A 1ª Vara Cível de Paranaíba determinou que um casal deve indenizar um ex-recepcionista de hotel em R$ 20 mil, após um incidente de agressões verbais e arremesso de objetos que ocorreu durante uma discussão sobre uma reserva de hospedagem. A sentença, assinada pela juíza Nária Cassiana Silva Barros, estipula que cada um dos réus deverá pagar R$ 10 mil ao trabalhador, além de arcar com as custas processuais e honorários advocatícios.
O episódio aconteceu na noite de 30 de junho de 2023, quando o recepcionista atendia no hotel e foi abordado pelo casal, que alegava ter uma reserva confirmada.

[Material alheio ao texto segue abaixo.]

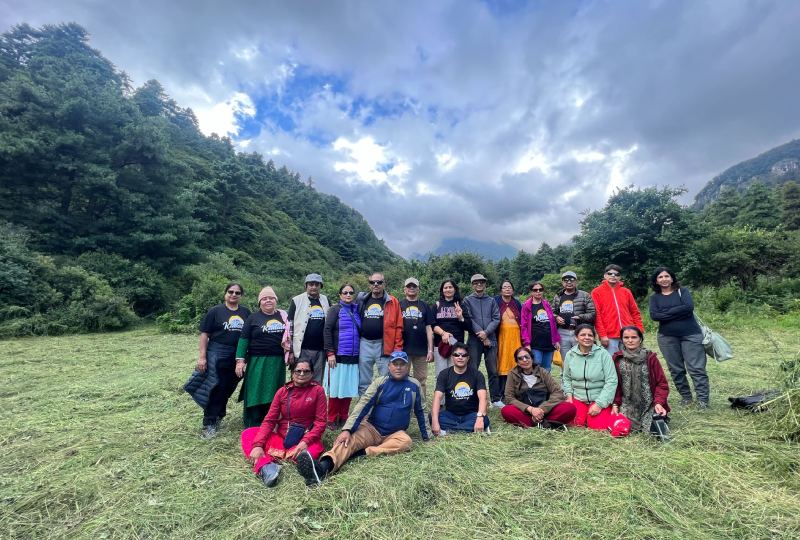 Yatris during the best time to visit Mount Kailash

No entanto, o funcionário informou que não havia registros de sua hospedagem e que todos os quartos estavam ocupados. De acordo com os autos, apesar da tentativa do recepcionista de encontrar uma solução, a situação rapidamente se agravou, levando os clientes a adotar um comportamento agressivo.
Os relatos do processo indicam que o homem arrancou um telefone da mão do recepcionista e o lançou contra ele, enquanto a mulher arremessou objetos do balcão. Em sua defesa, o casal alegou que a confusão se deu por falha na prestação do serviço do hotel e negou qualquer intenção de ofender pessoalmente o funcionário ou causar dano moral.
Durante a instrução do caso, testemunhas confirmaram o clima de tensão na recepção, relatando gritos e a agressividade do casal. Um hóspede presente na cena descreveu a situação como caótica, enquanto o gerente do hotel relatou que encontrou o recepcionista “acuado e sem condições de continuar trabalhando” após o ocorrido. As imagens capturadas pelas câmeras de segurança do hotel foram fundamentais para a decisão da juíza, mostrando o momento em que o telefone é arremessado e o comportamento hostil da mulher.
A juíza Nária Cassiana Silva Barros enfatizou que, mesmo que houvesse uma falha na reserva, isso não justificava a agressão ao funcionário. Em sua sentença, ela ressaltou que a situação extrapolou um mero incômodo, afetando a honra e a dignidade do ex-recepcionista. O processo ainda evidenciou que, após o incidente, o trabalhador passou a evitar turnos noturnos e acabou pedindo demissão do emprego, onde atuava há aproximadamente cinco anos.
As declarações de testemunhas e as gravações das câmeras de segurança foram consideradas decisivas para a condenação. A justiça concluiu que as atitudes do casal ultrapassaram o direito de reclamar sobre o serviço prestado, caracterizando um dano moral que deveria ser reparado.